# Optimizing the Dig Pow function

I have written a Python function to solve the Dig Pow problem, where the goal is to find a number k such that the sum of each digit of n raised to a specific and increasing power equals n * k.

Here is my current code:

def dig_pow(n, p):
if n != int(n):
return -1
stockn = n
tab = []
while n > 0:
newn = n % 10
tab.append(newn)
n //= 10
tab = tab[::-1]
tabRes = []
for i in range(len(tab)):
tabRes.append(pow(tab[i], i + p))
sum_pow = sum(tabRes)
k = sum_pow // stockn
if sum_pow % stockn == 0:
return k
else:
return -1



I would like to get some suggestions on how to improve code readability, and efficiency.
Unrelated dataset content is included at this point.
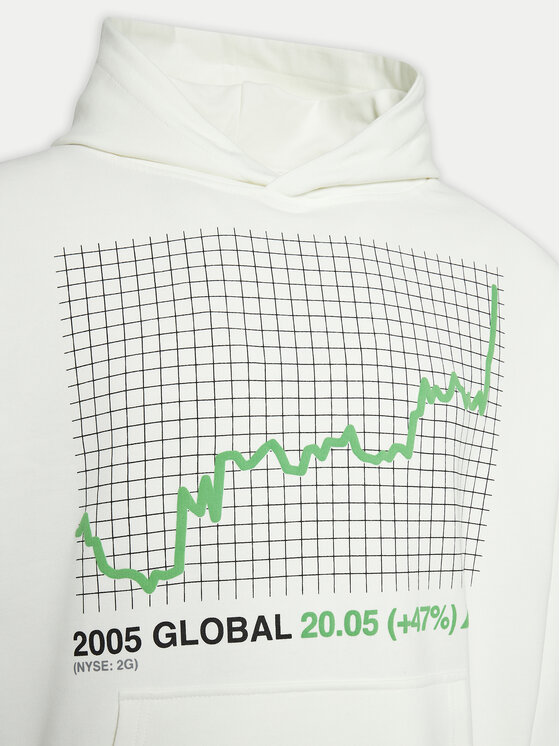 2005 2005 Felpa Pump Bianco Relaxed Fit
Any other recommendations to optimize the code and make it run faster would also be appreciated.

• Do you have any unit tests for this? I'm not sure from your description what results are expected. May 10, 2023 at 7:22

Do not merge this code down to main.

    tabRes = []


Pep-8 asks that you spell it tab_res. I ask that you explain what the variable is intended to represent, perhaps as a # comment.

If there is some reference you are following for this implementation, you should cite it.

It is unclear what dig_pow(n, p) is supposed to return.

the sum of each digit of n raised to a specific and increasing power equals n * k.

That English sentence could be a spec, maybe. The code seems to implement something else.

Absent unit tests or an intelligible specification, it is unclear whether the OP code accomplishes its design goals.

I would not be willing to delegate or accept maintenance tasks on this codebase.